Japan's recession deepened in the final quarter of last year as business investment logged its biggest quarterly fall on record, putting pressure on Prime Minister Junichiro Koizumi to speed up plans to restore growth.
Gross domestic product, the broadest gauge of the economy's health, shrank 1.2 percent in the quarter, worse than economists had expected and the first time in nearly a decade output has fallen three quarters in a row, government data showed yesterday.
PHOTO: AFP
The slide translated into an annualized 4.5 percent fall, bigger than the 4 percent forecast on average by economists.
"It's a very serious recession," said Takashi Kiuchi, economic adviser at Shinsei Bank.
For all of 2001, the economy shrank 0.5 percent -- its first full-year contraction in three years.
Economics Minister Heizo Takenaka said the downturn may have hit bottom in the final three months of last year but that an official government target for 1 percent growth in the current fiscal year to March 31 was now in jeopardy.
"To be honest, the minus 1 percent forecast will be quite difficult to achieve," Takenaka said.
The figures reflected the full impact on the world's second-biggest economy from the Sept. 11 attacks on America and a confidence-denting outbreak of mad cow disease in Japan.
Business investment fell 12 percent in the quarter, its biggest slide ever under calculations dating back to 1980.
Some economists saw hope in a 1.9 percent rise in personal consumption, the biggest and most stubbornly weak area of the economy. Its strength is considered a crucial fuel for any rebound from Japan's third recession in a decade.
Other more recent evidence suggests consumers may be slowly loosening their purse strings. In January, for example, average household spending rose 0.8 percent from a year ago despite rising unemployment and widespread pay cuts.
"I am surprised to see a rise in private sector consumption. But I don't expect this figure to stay strong; I think it is probably merely a rebound from the previous quarter," said Seiji Shiraishi, market economist at Daiwa Securities SMBC.

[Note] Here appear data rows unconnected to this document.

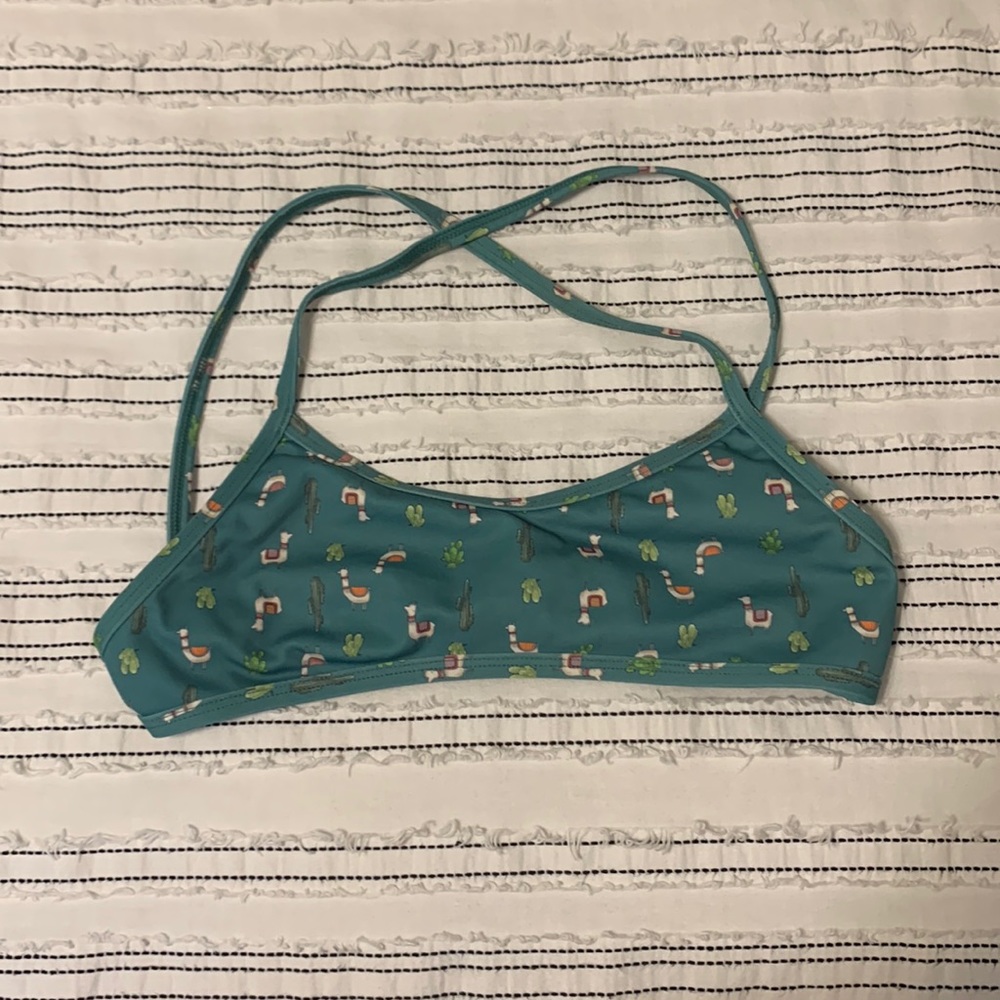 JOLYN Ryan top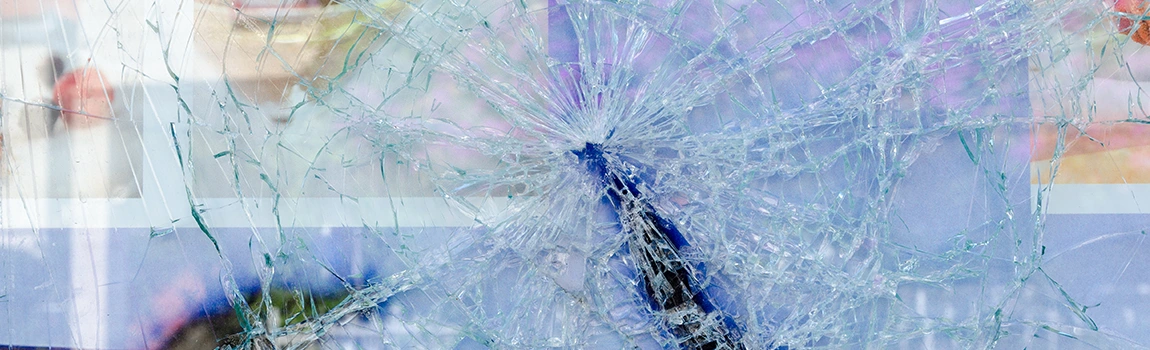 Window Broken Glass Repair in Palm Springs, FL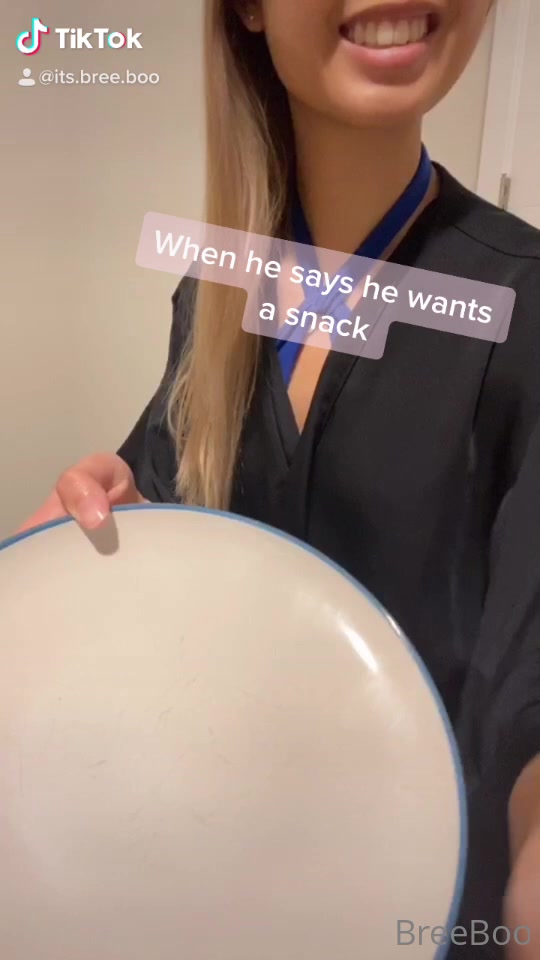 So I Made This Tiktok Yesterday.. The One In The Bikini Got Removed For Violating Guidelines 2/3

Japan's financial markets dismissed the GDP as "old news" and continued a week-long rally on hopes of an export-led upturn on the heels of a recovery in Japan's biggest trading partner, the US.
Vice Finance Minister Haruhiko Kuroda said the currency's 2.5 percent rise against the dollar on Thursday was too fast.

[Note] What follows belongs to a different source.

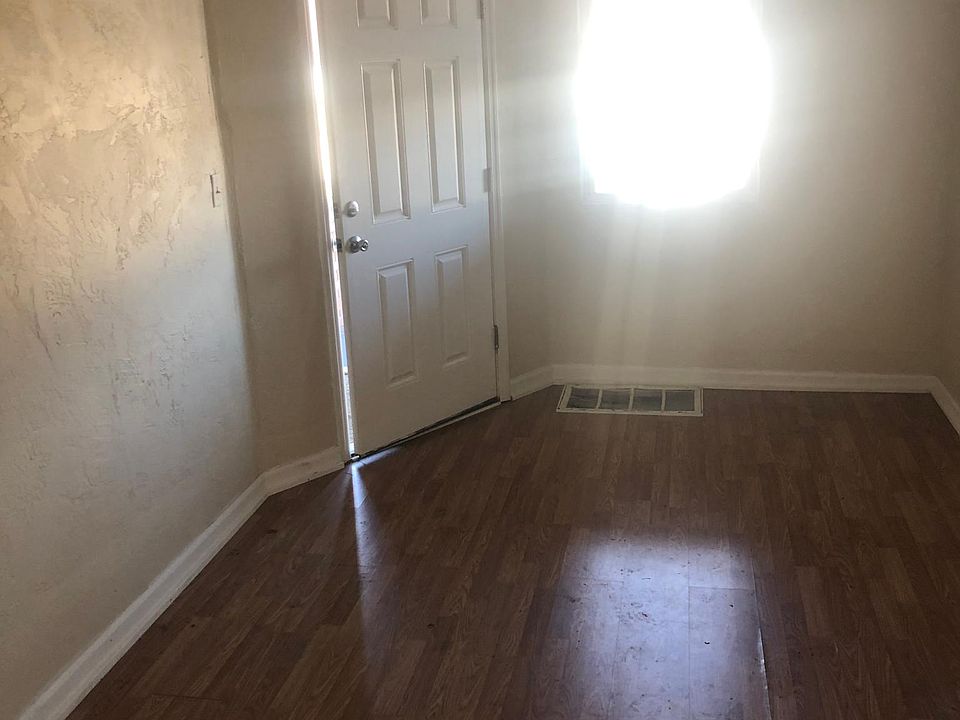 2nd image of 1608 Stanton Ave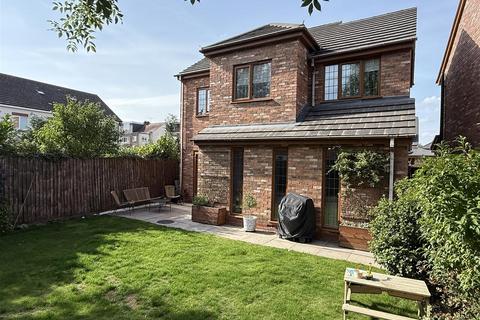 4 bedroom detached house for sale, Browns Lane, Allesley, Coventry * FOUR BEDROOMS / PRIVATE LOCATION *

"Movements in exchange rates in the past several days have been too rapid and do not reflect economic fundamentals," he told reporters. "It is a bit too abnormal ... and not appropriate."

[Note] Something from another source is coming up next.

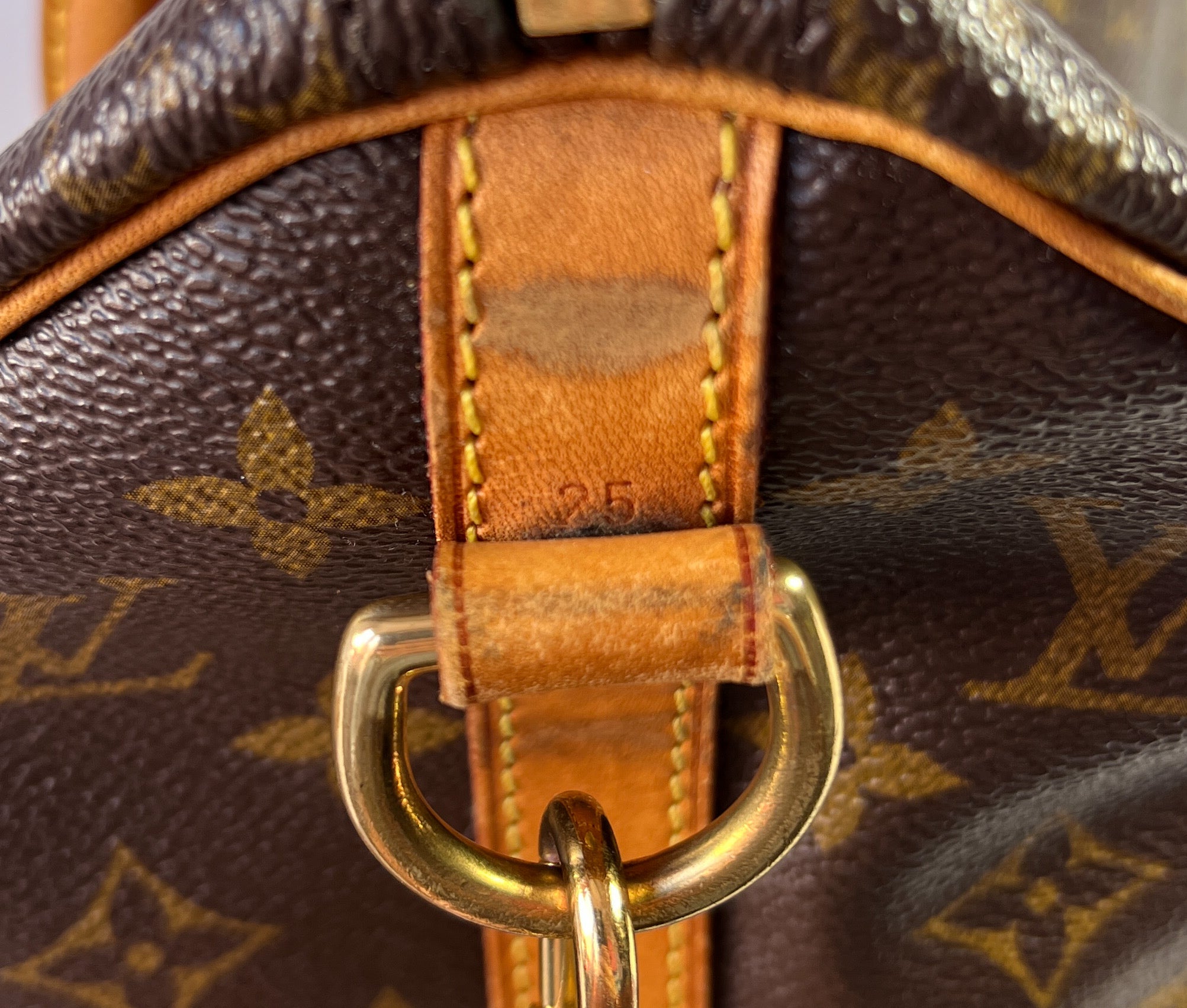 Louis Vuitton monogram speedy bandoulière 25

A stronger yen could undermine the government's work in engineering a sharp drop in the currency last year to bolster the offshore earnings of major exporters like automaker Honda Motor Co, whose earnings soared to a record in October to December.
"I am watching the market movements with vigilance and will take appropriate action if needed," Kuroda said.
Japan's GDP last contracted for three straight quarters in 1993, but the drop in two of those quarters was smaller than 0.01 percent, making the current downturn the deepest since the dark years following the end of World War II.
The deepening recession raised pressure on Koizumi to unveil stronger steps to restore economic growth in a second instalment of anti-deflation steps expected as early as April.